Some 50% said they were not confident that Labour could afford the policies in its manifesto, with just 37% saying they were confident.


But the figures for the other main parties were worse. Just a quarter of voters were confident the Conservatives could afford their policies while 62% said they were not.

For the Lib Dems, 57% said they were not confident their policies were affordable.

Asked how the parties would respond to their policies proving unaffordable, more than half the public thought Labour would raise borrowing, increase taxes or not deliver on all their plans, while 67% thought the Conservatives would not deliver and 52% expected the Tories to cut spending.

Keiran Pedley, UK director of politics at Ipsos, said proposals to improve public services tended to poll best, even if the public were “sceptical that any party can deliver all they have promised within existing spending plans”.

The top-polling policy for each party related to the NHS, with 87% supporting the Lib Dems’ promise to guarantee patients can start cancer treatment within 62 days of an urgent referral – the highest polling of any policy.
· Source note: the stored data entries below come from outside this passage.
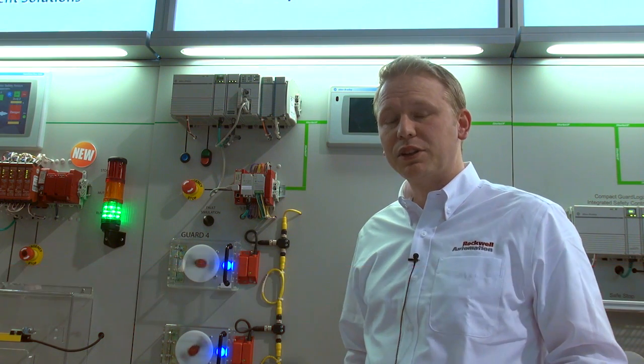Hello, my name is Thomas Helmstein. I'm the Marketing Manager for Safety Components. I'm happy to highlight the 440C CR30 and our latest and greatest enhancement to it.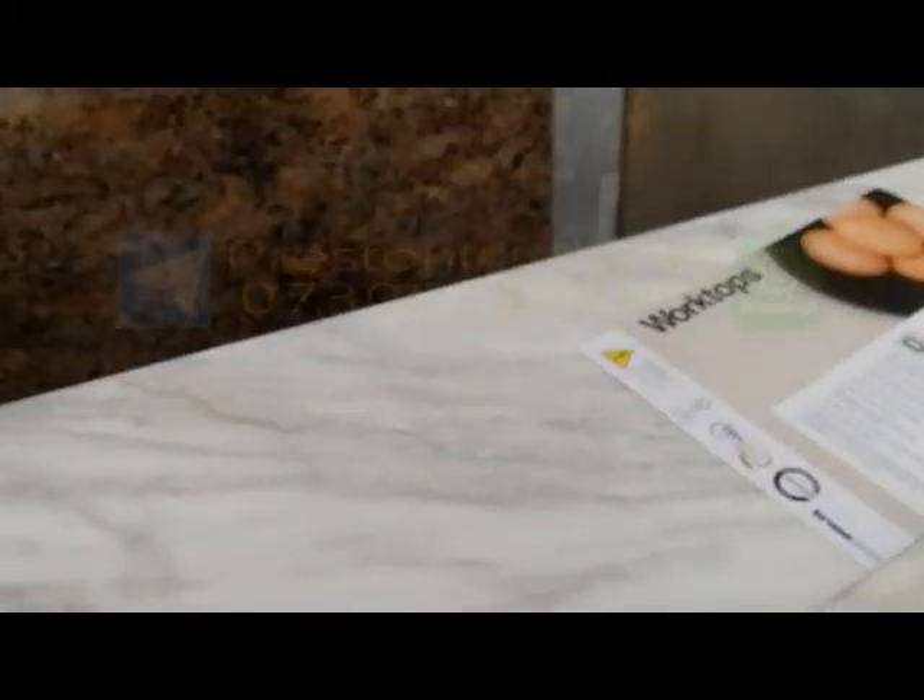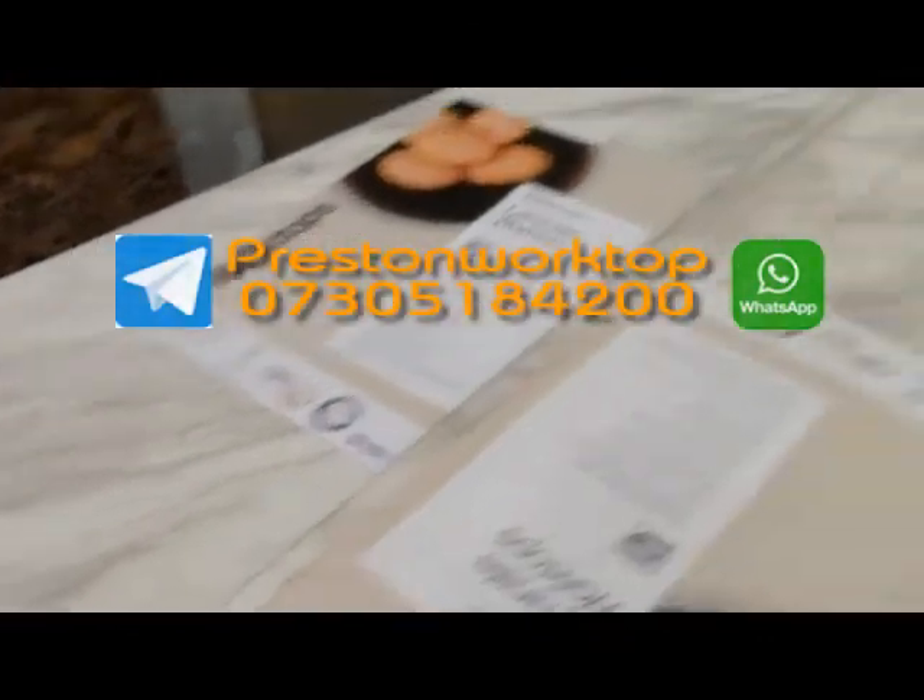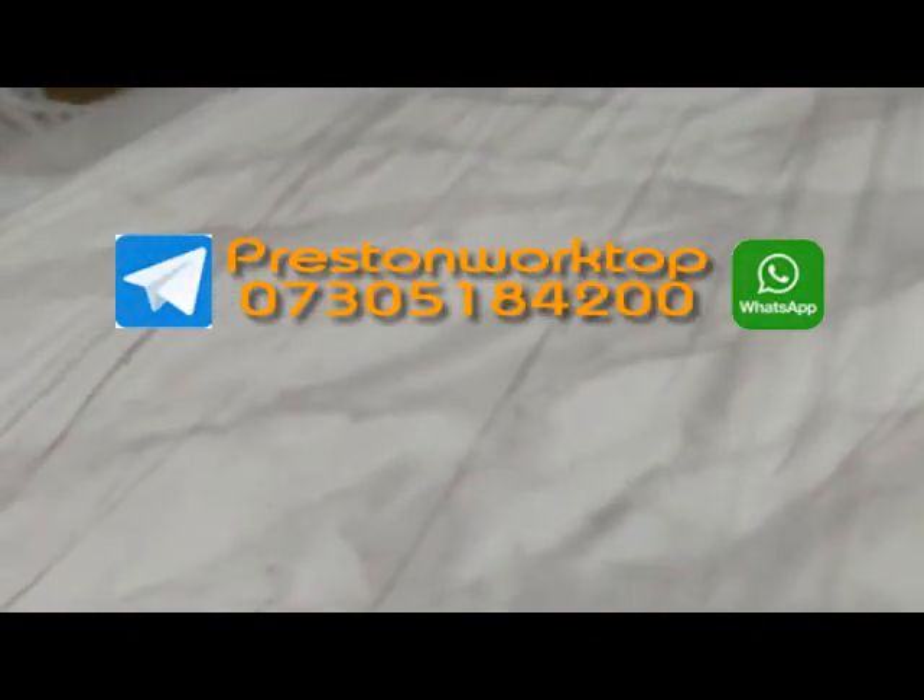4.1 meters by 600mm, and obviously the other one's about 660 wide — Bonito Marble, Kronospan, selling them as a pair. Interested? Give us a call: 07305 184 200. Based in Preston — cheapest worktops anywhere.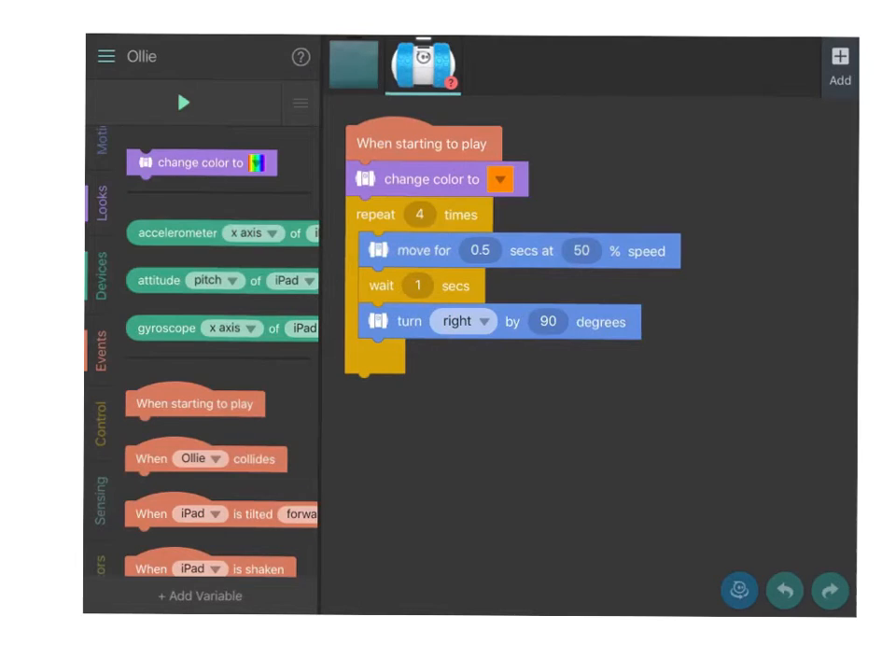For this activity we're going to be using Tickle today. As you can remember, your coding blocks are on the left hand side in Tickle, and your device when connected will have the command codes right below it.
Some 83% backed Labour’s pledge to deliver 40,000 new NHS appointments a week, while 74% supported Tory plans to increase NHS spending and build 100 new GP surgeries in England.

Least popular

The least popular policies from each party were lowering the voting age to 16, included in both the Labour and Lib Dem manifestos and opposed by just under half of voters, and the Tory plan to reintroduce national service, which was opposed by 45% of people.

Overall, 63% of people said Labour’s manifesto would represent a positive change for Britain, compared with 55% who said the same about the Liberal Democrats and 44% who said the same about the Conservatives.

Mr Pedley said Labour would be “encouraged” by this finding, and “look to build on that relative goodwill – compared to others – as polling day approaches”.

Polling on the Liberal Democrat and Conservative manifestos surveyed 1,170 British adults between June 11 and 12. Polling on the Labour manifesto surveyed 1,083 British adults between June 12 and 13.